Deutsche Übersetzung
Hallo und herzlich willkommen zu einer neuen Episode des Endlich Montag Jobsucher-Podcast! Heute habe ich einen Interviewpartner aus UK in meiner Show, sein Name ist Matt Alder und ich freue mich wirklich sehr darüber, ihn dabei zu haben und auch über meine erste Episode in Englisch. Hallo Matt.
Hallo und vielen Dank, dass ich in der Show sein darf.
Ich freue mich. Matt, bitte sag meinen Hörern, wer Du bist und was Dein Job ist. Was machst Du in UK?
Na klar. Mein Name ist Matt Alder und ich mache verschiedene Sachen.
Der Hauptteil meiner Arbeit besteht darin, mit unterschiedlichen Arbeitgebern zusammenzuarbeiten und ihnen dabei zu helfen, die Art und Weise, wie sie Talente auf ihre Organisationen aufmerksam machen, innovativer zu gestalten.
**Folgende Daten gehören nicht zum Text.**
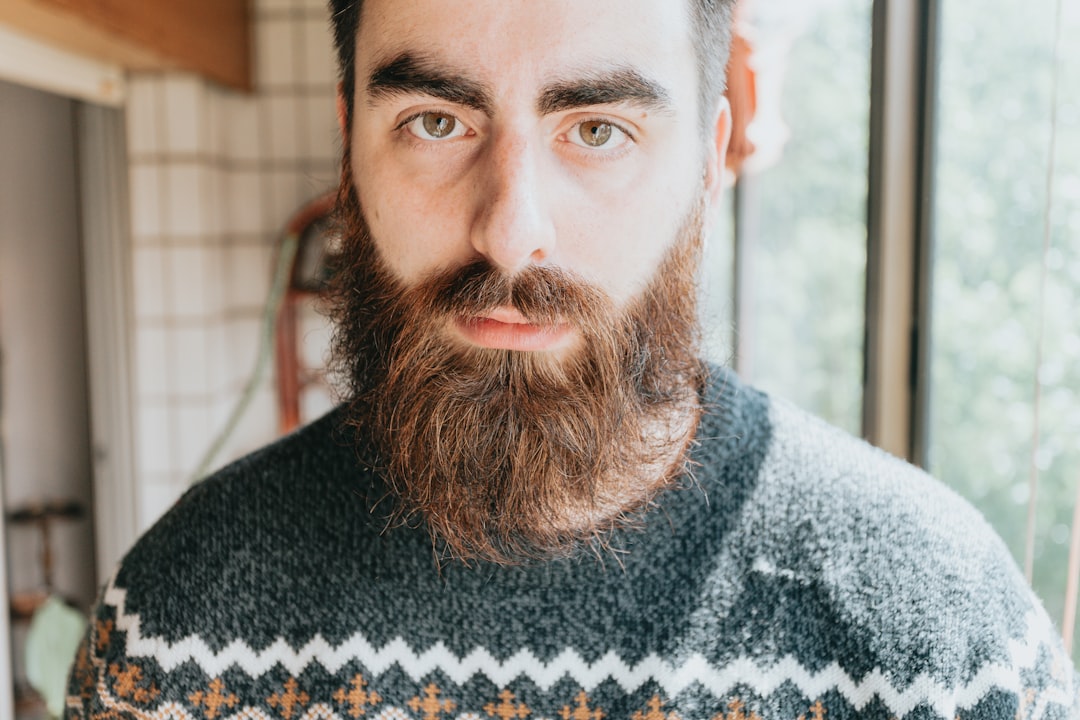 man in gray and white sweater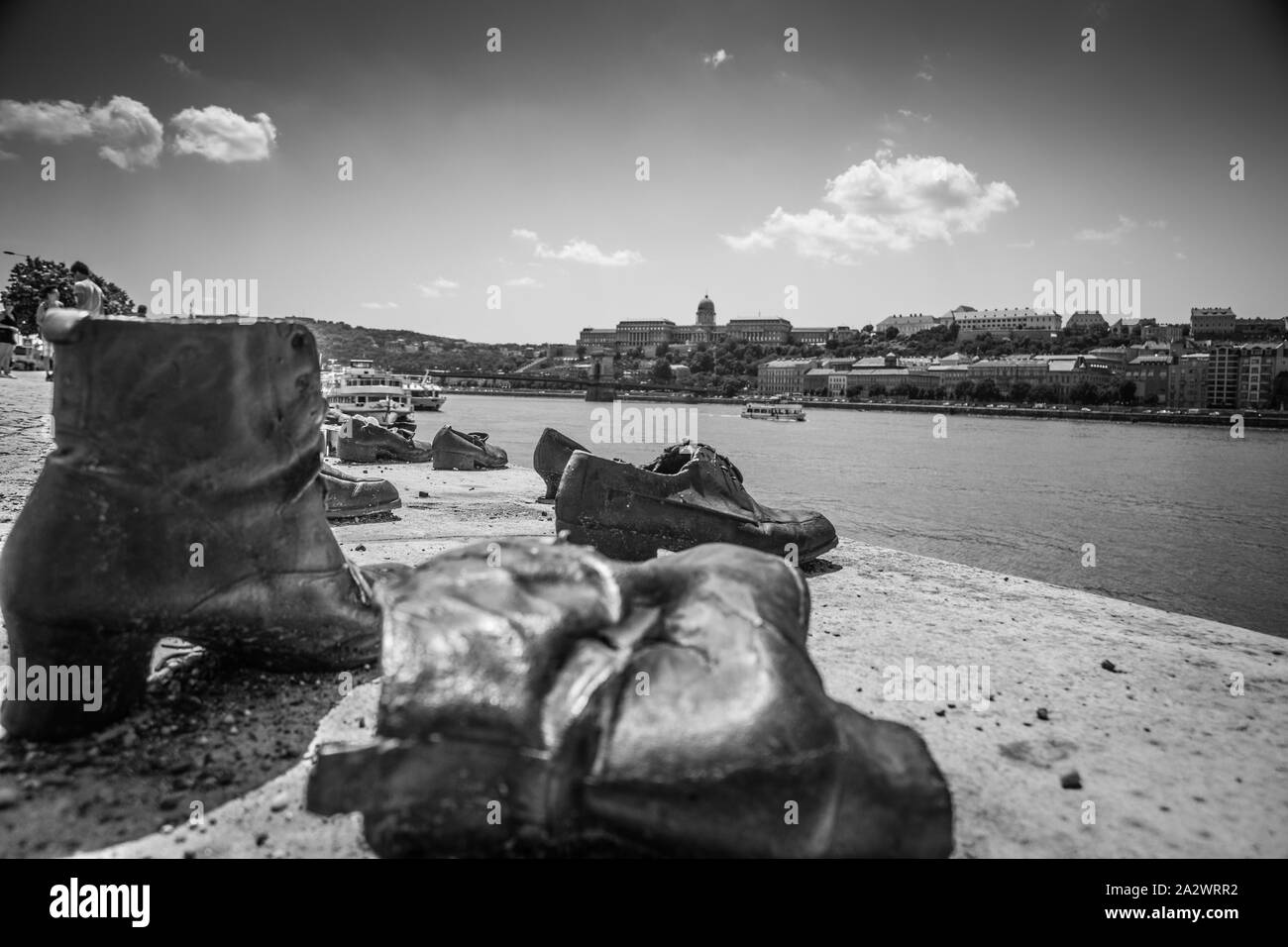 Die Schuhe am Donauufer. Denkmal - die Schuhe der Opfer des Krieges in Budapest, Ungarn. Donau und der Stadt im Hintergrund Stockfoto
Ich helfe ihnen bei den Rekrutierungsprozessen und beim Personalmarketing und beim Umgang mit Technologien, die die Arbeitgeber vielleicht dafür nutzen.
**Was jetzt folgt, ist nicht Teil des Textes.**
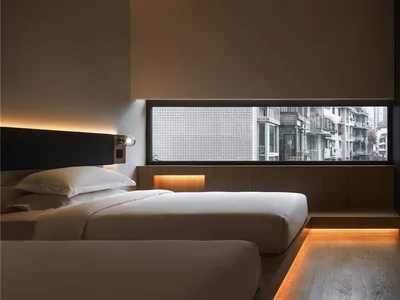 A minimalist hotel room with a small window, wooden flooring, and glass walls.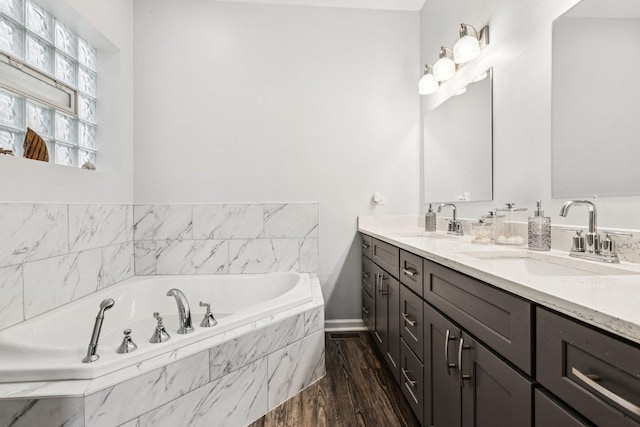 3041 N California Ave Unit 1, Chicago, IL 60618 - bathroom with double vanity, a garden tub, and wood finished floors
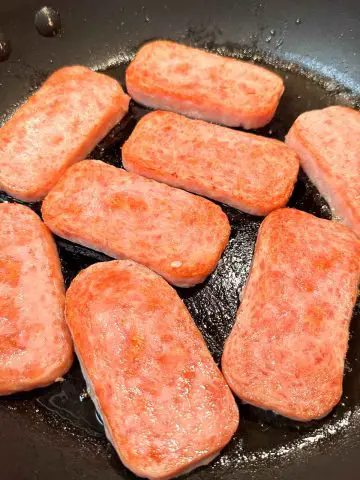 Slices of fried Spam in a large skillet.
Außerdem bin Autor. Ich habe das Buch „Exceptional Talent“ (Außergewöhnliches Talent) geschrieben, das im Mai weltweit veröffentlich wurde. Darin geht es darum, was Unternehmen tun müssen, um ihre Organisationen für die besten Talente attraktiv zu machen.
Und drittens bin ich ein Podcast-Kollege. Ich veröffentliche einen wöchentlich erscheinenden Podcast zum Thema Rekrutierung. Es ist eine interessante Erfahrung, in dieser Show auf der anderen Seite des Tisches zu sein.
Ich kann Deinen Podcast nur empfehlen. Ich denke darüber nach etwas ähnliches in Deutsch zu machen. Wer weiß, eines Tages ist es so weit … 😉
Weißt Du, wie ähnlich oder unterschiedlich die Arbeitsmärkte in UK und Deutschland sind? Ich frage, weil ich vor ungefähr 20 Jahren in Irland gearbeitet habe. Bei der Jobsuche habe ich Anschreiben und Lebensläufe verschickt und dann festgestellt, dass alles über Arbeitsvermittler zu laufen scheint. Ich weiß nicht, was sich in den vergangenen 20 Jahren getan hat und wie die Lage in UK ist. Kannst Du uns etwas dazu sagen?
Im Vollzeit-Markt spielen Vermittler keine Rolle
Natürlich. Arbeitsvermittler spielen bei der Personalgewinnung in UK immer noch eine wichtige Rolle. Die meisten Arbeitgeber nutzen Arbeitsvermittler in größerem oder kleinerem Umfang. Speziell in Arbeitsmärkten mit Werk- und Zeitverträge haben Arbeitsvermittler einen großen Markt. Im Vollzeit-Arbeitsmarkt spielen die Arbeitsvermittler keine Rolle. Dort arbeiten die Arbeitgeber immer mehr daran, die Leute direkt zu rekrutieren. Damit wollen sie Zeit und Geld einsparen, das sie für Arbeitsvermittler aufwenden müssten.
UK bietet im Moment ein recht interessantes Bild. Es gibt immer noch eine Menge Stellen, die über Arbeitsvermittler besetzt werden. Aber da ist auch eine stark wachsende Zahl an Arbeitgebern, die die Leute direkt rekrutieren wollen. Die wollen sich die neuen Technologien und die neue Art über Rekrutierung zu denken, zunutze machen, um damit in der Lage zu sein, die Personalgewinnung selbst in die Hand zu nehmen.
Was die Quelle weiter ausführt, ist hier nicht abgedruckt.